80 hectares : c'est la surface de toitures terrasses présentant un fort potentiel de végétalisation à Paris. La capitale compte pour le moment 44 hectares de toitures végétalisées, soit 1,4 % des espaces verts de la ville, alors que la végétalisation de la ville est identifiée comme étant un des leviers d’adaptation de la ville au changement climatique.
L’identification des toitures plates à Paris repose sur l’analyse du fichier des hauteurs de bâtiment (MNE), pour isoler les toitures présentant une pente inférieure à 2 %. Ce résultat est ensuite croisé avec l’interprétation de l’image proche infrarouge qui permet d’isoler les revêtements de toiture par classe de couleur (béton, graviers). Ce croisement permet de faire ressortir le potentiel brut des toitures terrasses à Paris.
Le fort potentiel de toitures plates végétalisables est constitué de plus de 3000 bâtiments dont les toitures couvrent une superficie de 80 hectares.
Le croisement de ce potentiel avec la typologie des propriétés foncières a permis de distinguer les principaux groupes de propriétaires. Parmi eux se distinguent les mono-propriétés publiques de la Ville de Paris et des bailleurs sociaux qui constituent un levier d’action privilégié pour poursuivre l’action publique en matière de végétalisation des toitures.
Le patrimoine Ville de Paris est réparti de façon relativement homogène sur l’ensemble du territoire, à l’exception des quartiers centraux. Le patrimoine des bailleurs sociaux est quant à lui fortement concentré sur les 12e, 13e et 20e arrondissements, plus faiblement sur les 15e et 18e, et plus rarement sur les autres arrondissements parisiens.
L’approfondissement de l’analyse des 337 terrasses (14 hectares) du domaine de la ville et des 99 toitures (2 hectares) des bailleurs sociaux permettra de cibler avec précision, arrondissement par arrondissement, l’ensemble des toitures pouvant faire l’objet d’un programme de végétalisation dans le cadre des objectifs inscrit dans le plan biodiversité de la Ville de Paris.
Il ressort de cette étude que Paris dispose de 44 hectares de toitures végétalisées (1,2 % de l’ensemble des toits de la ville) et un potentiel brut de 460 hectares dont 80 hectares à fort potentiel sont disponibles depuis de nombreuses années (bâtiments datant dans l’ensemble des années 1960 à 1980). La présence de ce potentiel n’a donc pas sui à inciter à la végétalisation. Les raisons qui ont pu freiner le développement des toitures végétalisées sont à chercher sous plusieurs angles :
• le surcoût engendré ;
• la réglementation peu incitative ;
• la rigidité des règlements de copropriété ;
• l’efficacité limitée des principes de subvention ;
• la méconnaissance des bénéfices directs et indirects de la végétalisation ;
• le manque de sensibilisation aux questions environnementales et au développement durable.

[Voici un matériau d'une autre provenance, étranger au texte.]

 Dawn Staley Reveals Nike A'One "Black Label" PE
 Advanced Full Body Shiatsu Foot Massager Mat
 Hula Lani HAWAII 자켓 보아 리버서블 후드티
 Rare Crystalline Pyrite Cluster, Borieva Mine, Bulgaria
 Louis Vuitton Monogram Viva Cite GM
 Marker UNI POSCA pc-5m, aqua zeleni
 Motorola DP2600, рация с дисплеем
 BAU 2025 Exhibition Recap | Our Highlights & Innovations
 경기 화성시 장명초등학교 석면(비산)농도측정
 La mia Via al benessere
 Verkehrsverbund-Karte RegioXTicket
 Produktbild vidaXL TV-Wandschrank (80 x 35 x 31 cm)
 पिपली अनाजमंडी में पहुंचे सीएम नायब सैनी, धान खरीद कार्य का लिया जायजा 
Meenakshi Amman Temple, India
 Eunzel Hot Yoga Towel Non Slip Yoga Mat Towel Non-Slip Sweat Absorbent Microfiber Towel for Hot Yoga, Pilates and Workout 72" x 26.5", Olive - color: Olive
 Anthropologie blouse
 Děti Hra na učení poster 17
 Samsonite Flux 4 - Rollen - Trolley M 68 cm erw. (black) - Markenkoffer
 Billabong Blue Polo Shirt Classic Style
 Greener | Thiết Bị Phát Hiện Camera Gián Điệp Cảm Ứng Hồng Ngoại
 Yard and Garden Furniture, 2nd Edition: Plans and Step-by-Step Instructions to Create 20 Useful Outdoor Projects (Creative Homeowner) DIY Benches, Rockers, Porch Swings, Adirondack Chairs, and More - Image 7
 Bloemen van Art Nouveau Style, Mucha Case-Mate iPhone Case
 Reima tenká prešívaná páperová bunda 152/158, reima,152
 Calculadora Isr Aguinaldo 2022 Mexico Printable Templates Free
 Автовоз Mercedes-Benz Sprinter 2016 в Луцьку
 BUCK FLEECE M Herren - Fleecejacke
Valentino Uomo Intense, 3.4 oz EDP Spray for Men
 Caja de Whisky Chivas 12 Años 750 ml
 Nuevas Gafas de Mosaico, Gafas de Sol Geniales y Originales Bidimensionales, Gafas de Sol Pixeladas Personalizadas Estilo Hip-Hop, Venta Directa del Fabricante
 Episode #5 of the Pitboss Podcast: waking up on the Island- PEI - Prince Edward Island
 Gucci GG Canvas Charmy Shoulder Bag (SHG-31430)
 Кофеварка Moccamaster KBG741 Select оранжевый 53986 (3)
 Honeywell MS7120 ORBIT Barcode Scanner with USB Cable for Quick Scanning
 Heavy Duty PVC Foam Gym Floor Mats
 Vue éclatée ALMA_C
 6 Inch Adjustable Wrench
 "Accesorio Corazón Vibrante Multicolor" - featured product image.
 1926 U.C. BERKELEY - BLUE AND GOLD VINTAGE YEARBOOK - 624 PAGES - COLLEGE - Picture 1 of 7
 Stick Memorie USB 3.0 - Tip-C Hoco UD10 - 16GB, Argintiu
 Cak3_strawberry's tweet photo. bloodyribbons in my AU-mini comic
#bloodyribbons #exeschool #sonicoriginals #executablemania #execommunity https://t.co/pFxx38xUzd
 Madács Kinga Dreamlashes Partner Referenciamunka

Quels leviers actionner pour mobiliser le potentiel disponible des toits plats et mettre en œuvre la végétalisation des toitures à Paris ?
1 – Poursuivre et élargir la politique de création de toitures-terrasses végétalisées engagée par la ville depuis 2005 et développer des outils et des partenariats pour associer les bailleurs sociaux à cette politique ;
La Ville de Paris est propriétaire de 14 des 80 ha recensés comme ayant un fort potentiel de végétalisation. Depuis 2005 la Ville de Paris a mis en place une politique de création de toiture-terrasse végétalisées pour chaque projet d’équipement public nouveau ou de réfection d’étanchéité des toitures gravillonnées des équipements publics existants. Cette approche a permis de créer plus de 4 ha de toitures végétalisées entre 2005 et 2010. Les bailleurs sociaux sont des partenaires sensibilisés par cette problématique dans la mesure où ils gèrent un patrimoine bâti important dont 99 immeubles couvrant 2 ha de toitures plates à fort potentiel. Cependant, les premières analyses notamment de Paris-Habitat semblent montrer des difficultés de mise en œuvre de toitures végétalisées dans leur patrimoine pour des raisons liées essentiellement à la gestion et au surcoût engendré.
La modestie relative de ce patrimoine s’explique par le mode de classification des toitures employé ici, reléguant à un potentiel moyen les toitures encombrées à plus de 30 % par divers éléments (climatisation, ascenseurs, nacelles, etc.). Cet encombrement ne les rend pas prioritaire mais n’exclut pas pour autant de mener une réflexion adaptée à ce contexte particulier.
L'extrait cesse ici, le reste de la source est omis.